Would the police officer have shot this woman with a handgun had he not had an electrocution device available? Of course not! Police officers don't shoot elderly white women at traffic stops. So, the electrocution device served as a new tool of curbside behavior management and pre-trial punishment that, unfortunately, often results in death or serious injury.

Should you really risk killing an elderly woman as part of issuing a traffic ticket?

There is no good reason for "Tasers" to exist in the USA today, any more than there was "an appropriate law enforcement role" for gas chambers in Auswhich, Germany. While it's true that people who died in the gas chambers escaped being burned at the stake, that is not a sufficient rationale for the existence of gas chambers. And the threat of being shot to death is not a sufficient rationale for being electrocuted instead.

Even as President Obama attempts to change the world's impressions about America's ruthlesseness and violence, local police officers are making television news around the world, electrically shocking little old white ladies into submission.

3 comments:

Jaguar said...

To an untrained civilian, I can see how this might seem outrageous to you. However, the woman's tasering is perfectly appropriate and justified police procedure, however. She was escalating the situation out of control and repeatedly failed to obey the officer's lawful orders.

Had she not been tasered, she likely could have tried to scuffle with the officer beside the dangerous interstate and tumbled into traffic. A police officer must make split second decisions how to both subdue an unruly suspect without harming the suspect, and that's exactly what he did here. The officer must decide what allowed method he feels would be best to effect the arrest, again exactly what he did. He did not have the luxury to review this tape slowly with "freeze frame" on a YouTube video.

The courtroom is the correct place to resolve matters like this. The woman should have accepted the citation then appeared to challenge it in traffic court with the appropriate evidence. Arguing with an officer after the citation has been issued was pointless. Once a citation is issued, it can only be resolved in court. She added insult to injury by violating the law again (as she did by refusing to sign the citation, as is required by Texas law) and further unnecessarily escalated this matter with her out-of-control tirade.

She is entirely at fault here, not the officer. He did his job right and well. There is no brutality here.

Yemi Ogunbase said...

Jaguar, you're an ass. Tasering a 72 year old woman is "perfectly appropriate and justified"? You'd sing a different tune were she your grandmother or family friend.

The Gestapo cop escalated the situation well beyond where it needed to be.

If he seriously felt his life was threatened by a 72 year old woman, he needs turn in his badge and gun.
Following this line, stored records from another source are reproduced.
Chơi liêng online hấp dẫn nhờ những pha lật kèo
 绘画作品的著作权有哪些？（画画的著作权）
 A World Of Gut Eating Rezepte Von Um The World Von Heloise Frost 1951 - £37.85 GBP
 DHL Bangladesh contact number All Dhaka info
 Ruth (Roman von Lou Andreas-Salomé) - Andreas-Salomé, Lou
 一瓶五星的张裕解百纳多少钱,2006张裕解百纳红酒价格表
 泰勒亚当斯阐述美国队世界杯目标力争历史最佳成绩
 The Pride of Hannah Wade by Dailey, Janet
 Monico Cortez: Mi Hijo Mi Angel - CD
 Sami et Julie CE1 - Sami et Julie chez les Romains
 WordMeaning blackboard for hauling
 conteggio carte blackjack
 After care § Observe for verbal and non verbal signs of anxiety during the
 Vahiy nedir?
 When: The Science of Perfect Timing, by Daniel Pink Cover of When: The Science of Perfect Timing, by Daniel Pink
Just another cop on a power trip.

Francis Holland said...

The police officer should have thrown a speeding ticket in the window of the woman's car and driven away, perhaps with a requirement that she appear in court.

Had she failed to appear of pay the ticket, THEN a judge could find her in contempt of court, limit her driving privileges, etc.

The insistence that a person who has committed a minor infraction must demonstrate polite submission to police officers, regardless of what officers say or do, is what often leads to situations escalating.

If police officers understood that they were not high priests of law enforcement, but mere ushers, then there would be far fewer confrontations between police and members of the public.

I can tell you with absolute certainty that this police behavior would NEVER, EVER be tolerated or perceived as necessary in Brazil, France, Italy or other countries where I have lived or visited.

Frail. unarmed, seventy-two year old women who weigh 90 pounds do not constitute a danger to any police officer. The officer should have respected his elders, issued a ticket, even if he dropped it in the window of the woman's car, and driven away.